My mare is one of the "I'm trotting oh no I need to go bathroom let's slam on the brakes suddenly right about nowwww! Oh Mum, by the way are you alright? You almost went over my head just then" kind of horses :-x:lol:

I tried to teach her to move her butt when riding, but she won't budge. It's literally the ONE thing she just will not relent on. I've tried several tactics, all have failed. At the walk I don't mind too much... but the other day when she did it at the trot, I almost came off. 

Tart.


----------



## Saddlebag (Jan 17, 2011)

Let's look at it this way. If you're the one cleaning it up which would you rather do, pick up one pile or try to pick up scatterings?


----------



## MHFoundation Quarters (Feb 23, 2011)

Stop to pee, keep going for poo. Main reason is for showing, not exactly a good thing to break down in front of the judge for a poop.


----------



## Britt (Apr 15, 2008)

Yep, agree with all the others. Make them keep going while pooing. Mine will all poo while at a full tilt run... though Dakota does like to sometimes be a butthead and try to act like an idiot... Lol.


----------



## gigem88 (May 10, 2011)

Like everyone said keep moving while pooping! But I have seen a mare peeing while trotting and cantering....guess she had to go real bad


----------



## Poco1220 (Apr 6, 2010)

I always keep my boy going while under saddle. But on the side note I've also never seen him moving while pooping in the pasture. Not only that but he always poops in the same 2-3 places. Maybe this was a stallion thing? He'll full out stop grazing, walk over to one of his "areas", sniff it, then step forward, poop on top of the prior poop, turn around, sniff it, and go back to his grazing spot. Weirdo.


----------



## Cacowgirl (Feb 19, 2011)

But , it;s nice to have a tidy horse!


----------



## whiskeynoo (Mar 17, 2010)

Poco1220 said:


> I always keep my boy going while under saddle. But on the side note I've also never seen him moving while pooping in the pasture. Not only that but he always poops in the same 2-3 places. Maybe this was a stallion thing? He'll full out stop grazing, walk over to one of his "areas", sniff it, then step forward, poop on top of the prior poop, turn around, sniff it, and go back to his grazing spot. Weirdo.

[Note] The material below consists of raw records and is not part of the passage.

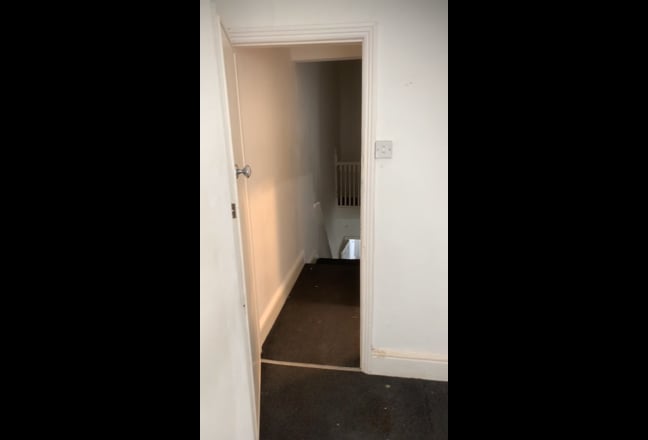 Single Room for Rent Main Photo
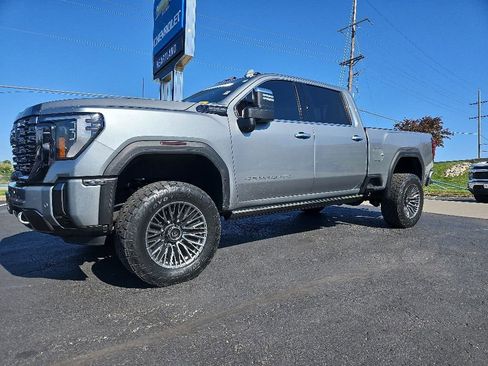 Used 2024 GMC Sierra 2500 Denali Ultimate w/ Max Trailering Package AWD/4WD image 2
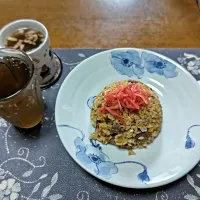 ビフテキにんにく炒飯、カットわかめ&フライドレッドオニオン入りたまねぎスープ、麦茶(昼飯)|enarinさん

Alot of stallions do this, from what i've been told it's a way of marking their territory.

Whisks will poo on the go but i'll let her stop now and then depending on what we're doing. 
Merry is weird, she'll do her poo in the field and then sometimes she'll paw at it till it's smushed in to the ground


----------



## Arksly (Mar 13, 2010)

I keep mine going if they're pooping. 

As for peeing, we weren't allowed to let our horses pee at one of the barns I was at to preserve the sand. So, none of my horses pee undersaddle. I actual appreciated the lack of pee spots in the arena because they can be a hazard. At the last barn I was at the horses were allowed to pee in the arena. I was cantering Jesse and didn't notice that someone had just kicked some dirt in a puddle of pee. Jesse stepped in it and slipped. Thankfully he saved up because I was very sure that we were both going to end up on the ground. I quickly got off of him righ after to make sure he was okay. He had dirt all along the front of his body and on his face.
_Posted via Mobile Device_


----------



## HarleyWood (Oct 14, 2011)

well it depends on the horse i ride. some will walk but some i push a head. and my QH has peed and walked..... it was a weird thing to see. but it was once and i dont know why he was walking after he started.


----------



## beau159 (Oct 4, 2010)

I think whether you stop your horse to allow them to poop, or make them continue to walk/trot/canter, is a matter of personal preferance and a matter of if you have a showing horse. 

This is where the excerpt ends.